Aliases: of-age(m) Synonyms: mature-02(loose match)

Coming of age , Bunuel expressed a strong urge to go to Paris to study music but was sent instead to Madrid to study agricultural engineering .

(e / express-01
      :ARG0 (p3 / person :wiki "Luis_Buñuel" :name (n / name :op1 "Bunuel"))
      :ARG1 (u / urge-01
            :ARG1 p3
            :ARG2 (g / go-02
                  :ARG0 p3
                  :ARG4 (c4 / city :wiki "Paris" :name (n2 / name :op1 "Paris"))
                  :purpose (s2 / study-01
                        :ARG0 p3
                        :ARG1 (m2 / music)))
            :ARG1-of (s / strong-02))
      :time (c / come-04
            :ARG1 p3
            :ARG2 (o / of-age-01
                  :ARG1 p3)))

Light verbs

I wanted to note that many of these might be better treated as "light verbs". For now, we've agreed to start adding light verb aliases to the propbank rolesets (starting with these MWPs):

Take Advantage

advantage-02 -- "use, overuse

  • ARG0: user
  • ARG1: thing used
  • ARG2: purpose

_Aliases: *_take-advantage(l)*** Synonyms: exploit-01(loose match)
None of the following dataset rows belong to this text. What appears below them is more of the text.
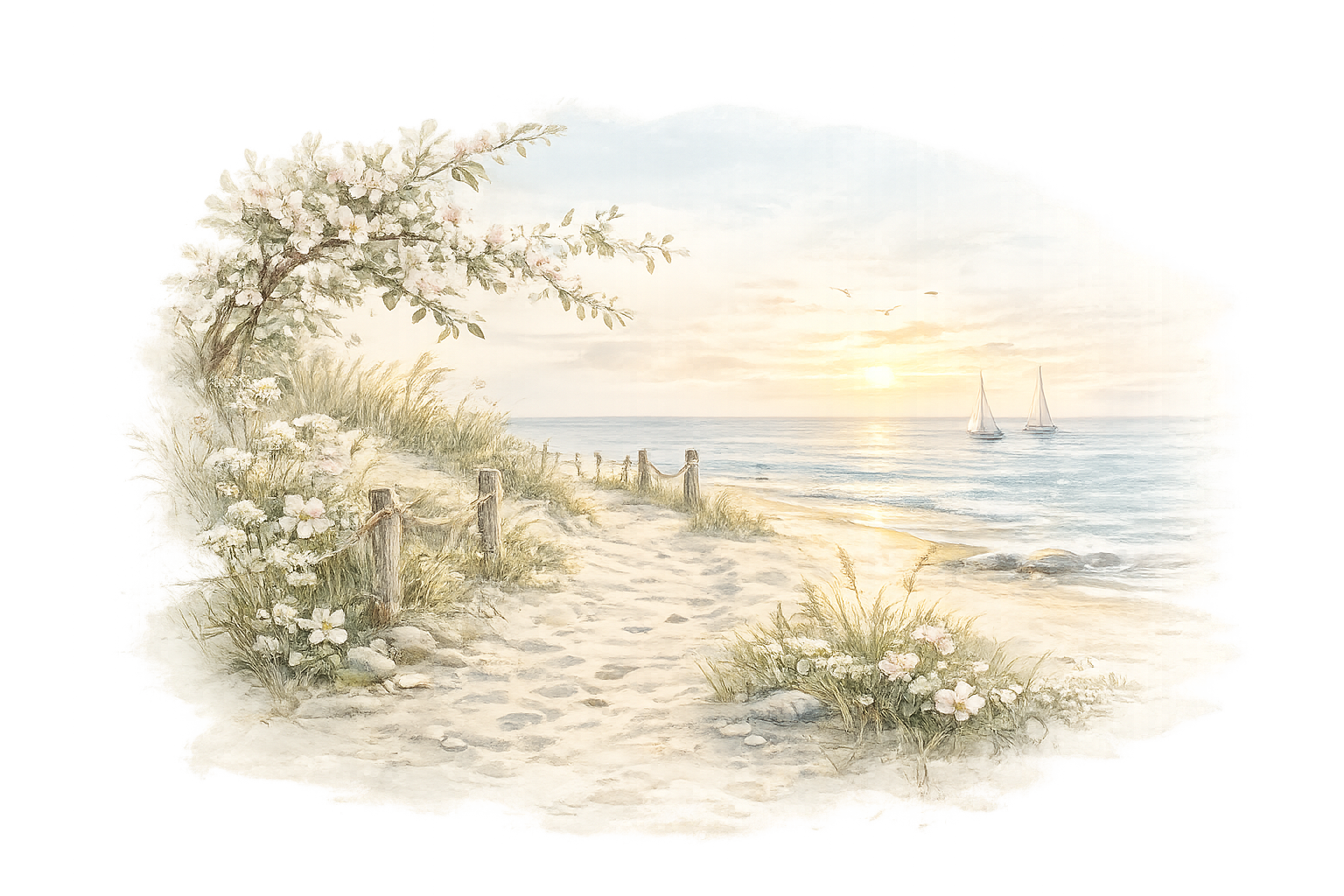 A watercolor-style illustration of a weathered wooden bench beneath a blooming apple blossom tree overlooking a peaceful coastal harbor at sunrise. A lighthouse, sailboat, and flying seabirds appear in the distance, creating a calm, reflective scene.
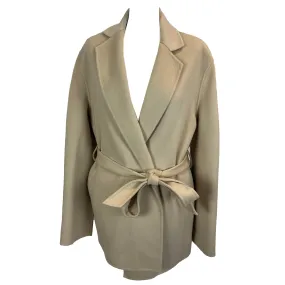 Joseph £855 Cream Double Faced Cashmere Cenda Belted Coat M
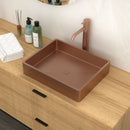 19" X 15" Stainless Steel Bathroom Sink With Pop Up Drain, Nano Surface - Rose Gold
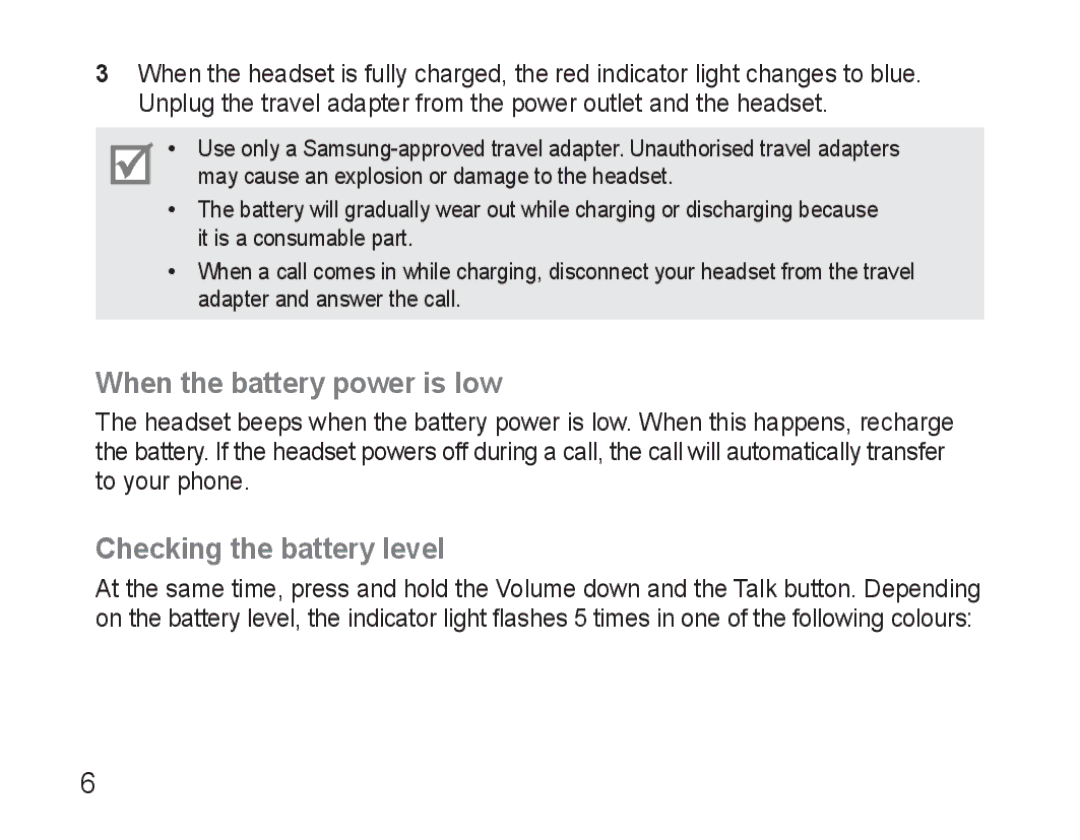 Samsung BHM3500EWECFOP, BHM3500EBECFOP manual When the battery power is low, Checking the battery level 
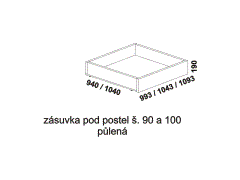 Zásuvka půlená pod postel Gita - rozměrový nákres. Provedení: LTD. Široká nabídka barevných dezénů. Kvalitní zpracování.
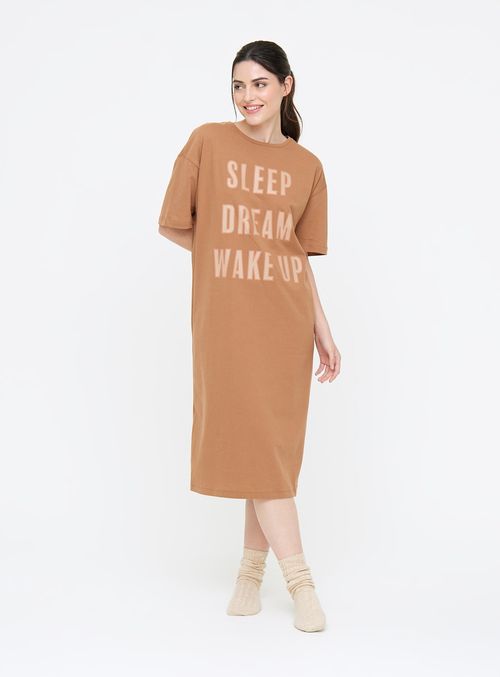 Tan Sleep Slogan Print...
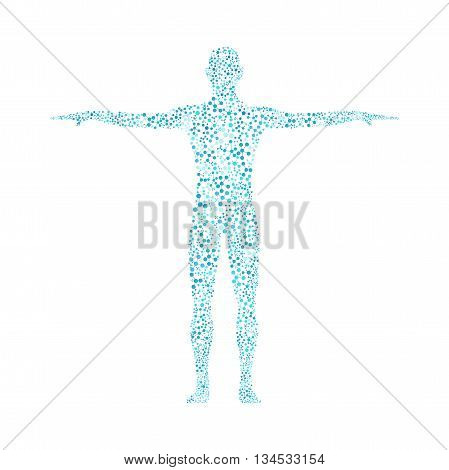 Human. Structure molecule of man. Vector illustration. Medicine, science and technology. Scientific Vector for your design.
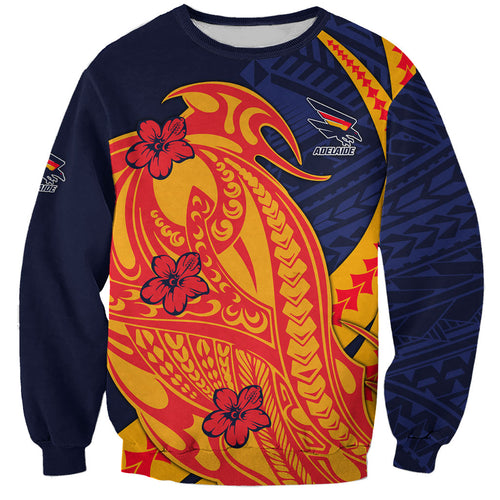Personalized Adelaide Crows Sweatshirt Polynesian Tribal Crow Mascot With Hibiscus Floral Art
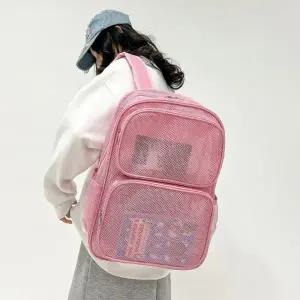 ( )초경량 메쉬 백팩 스포츠 망사 핑크 여름 수영장 가방 책가방 배낭여행 물놀이용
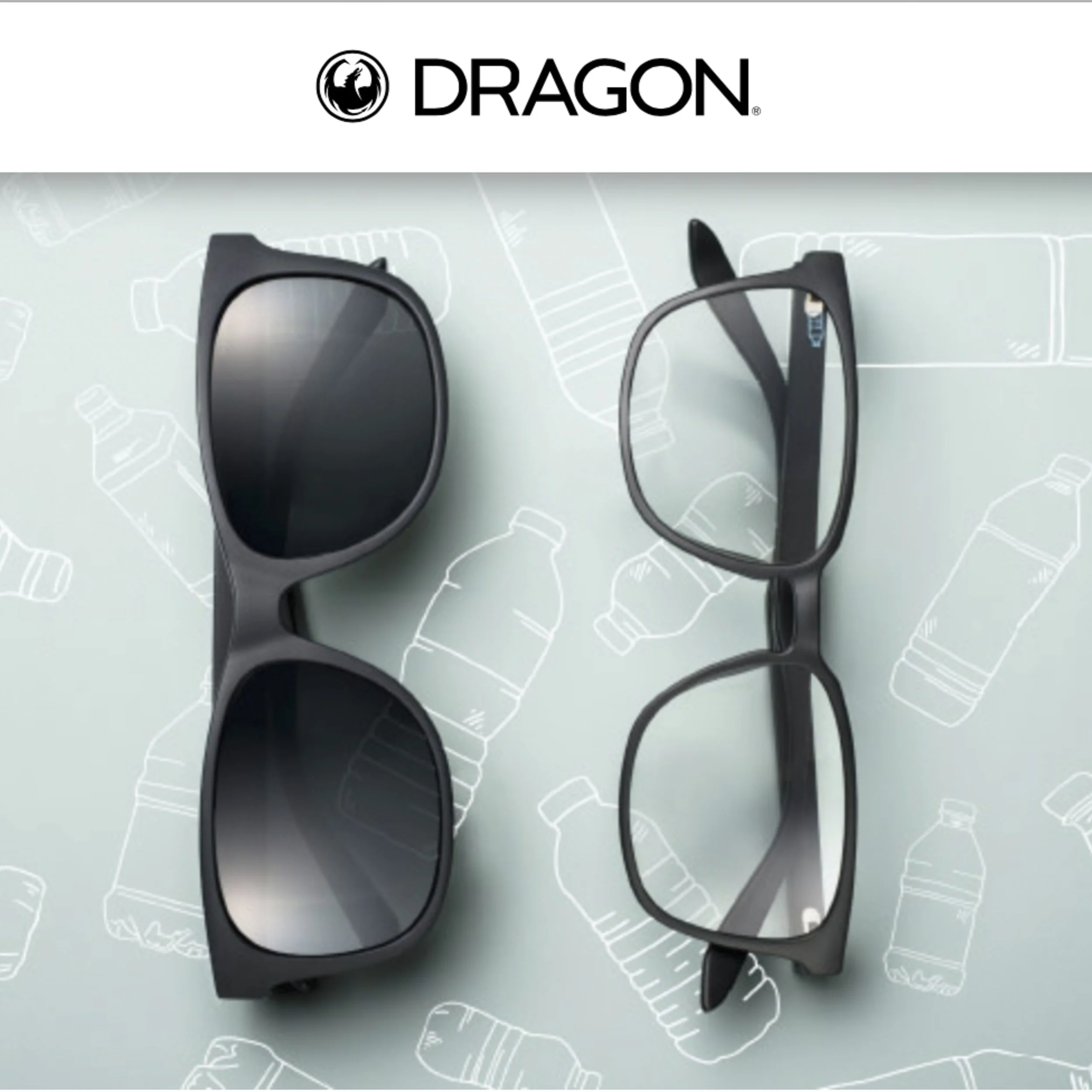 Pair of sunglasses, one with dark lenses and the other with clear lenses, on a light background with white water bottle illustrations. The water bottles have the word 'DRINK' written on them. The top of the image features a white band with a black dr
China has demonstrated that it is willing to take advantage of this leverage.

(d / demonstrate-01
      :ARG0 (c / country :wiki "China" :name (n / name :op1 "China"))
      :ARG1 (w / will-02
            :ARG0 c
            :ARG1 (t3 / advantage-02
                  :ARG0 c
                  :ARG1 (l / leverage
                        :mod (t2 / this)))))

(While there's an argument to be made for roleset names to include light verbs, e.g. "take_advantage-02" and "make_sense-02", it may be hard to be consistent about which ones to apply that to; we can discuss that on the call if desired)

nschneid commented 9 years ago

Cool!

While looking at shed.xml, I noticed a few copy-paste bugs:

<roleset id="shed-blood.05" name="inform, provide information regarding">

Under shed-light-on:

<example name="come of beard age">

Under shed-blood:

<mwe alias="of_age">

and also, an extra parenthesis in

(A / cause-01
  :arg1 (B / injure-01)))

I assume these sorts of problems will be ironed out with time.

nschneid commented 9 years ago

I really like the inclusion of metaphoric source/target maps!

Is there documentation somewhere on the sense-match and role-match attributes? What are the criteria for their values?

timjogorman commented 9 years ago

Hey all! We are nearly done with the first round of MWP rolesets, and are just working on making things consistent. One outstanding issue, however, is how we treat aspectual alternations. We had talked of treating these "compositionally", but I wanted to present the complexities inherent in that approach now while the MWP rolesets are few and easy to change.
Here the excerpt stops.